* **PROBLEM DESCRIPTION**: The answer must restate the listing word for word, without its images.

* **DATA BELOW**:
/---
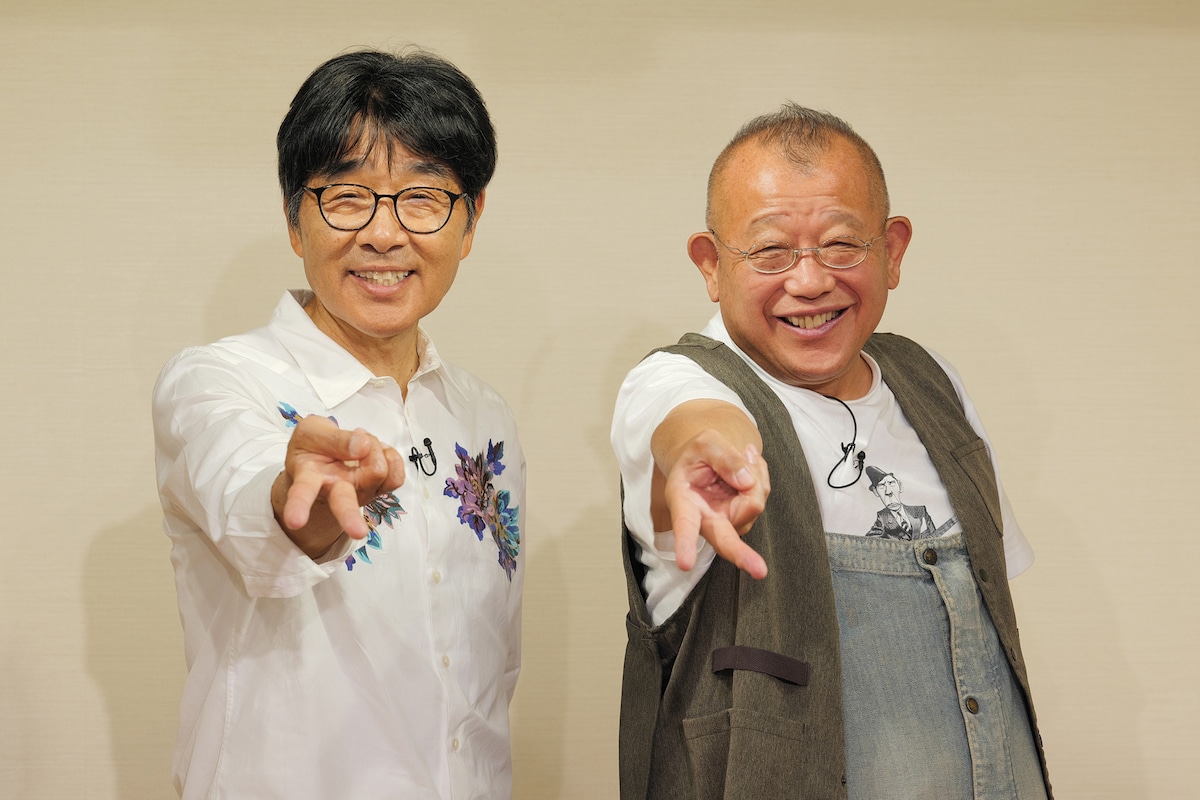 笑福亭鶴瓶と原田伸郎。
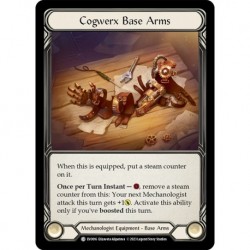 Cold Foil - Cogwerx Base Arms - Flesh And Blood TCG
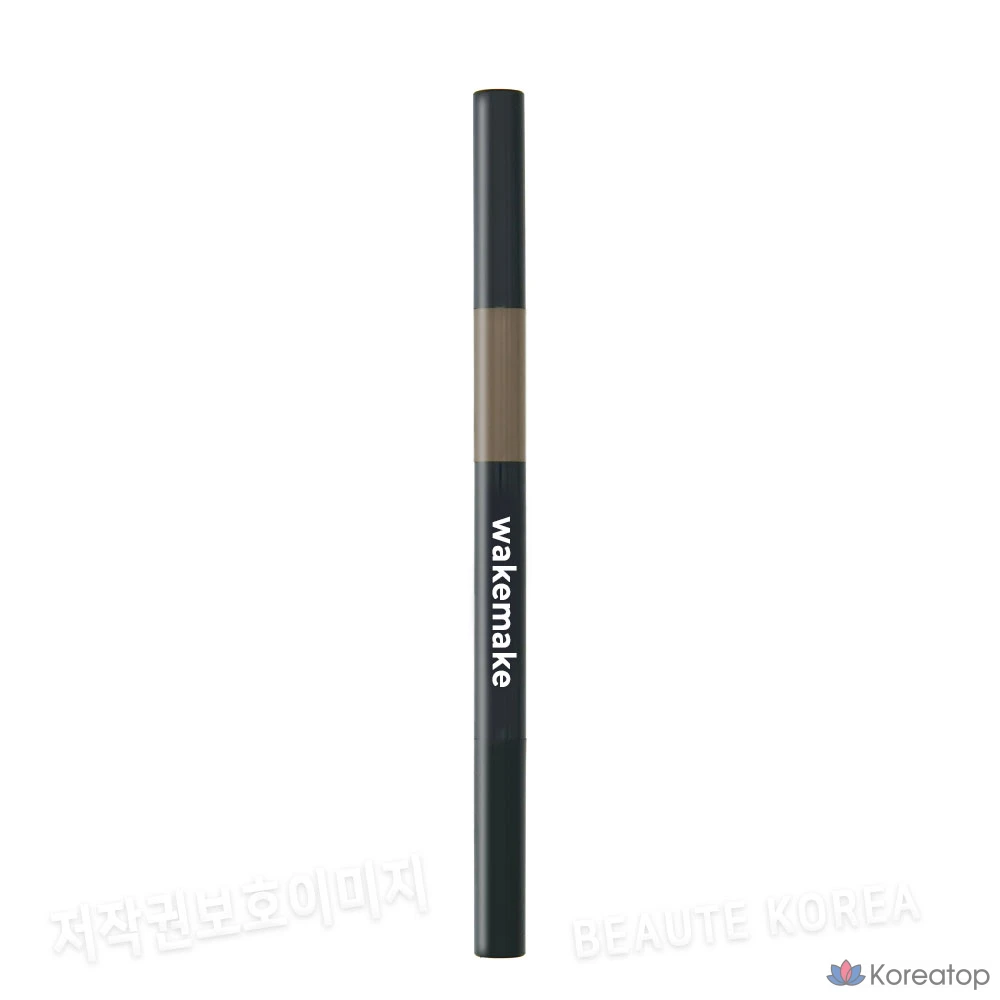 Карандаш для бровей WAKEMAKE Powder Jet Dual Brow, оттенок 08 Ash Brown, 1 шт.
\---
* **EXERCISE RESPONSE**:
 笑福亭鶴瓶と原田伸郎。
 Cold Foil - Cogwerx Base Arms - Flesh And Blood TCG
 Карандаш для бровей WAKEMAKE Powder Jet Dual Brow, оттенок 08 Ash Brown, 1 шт.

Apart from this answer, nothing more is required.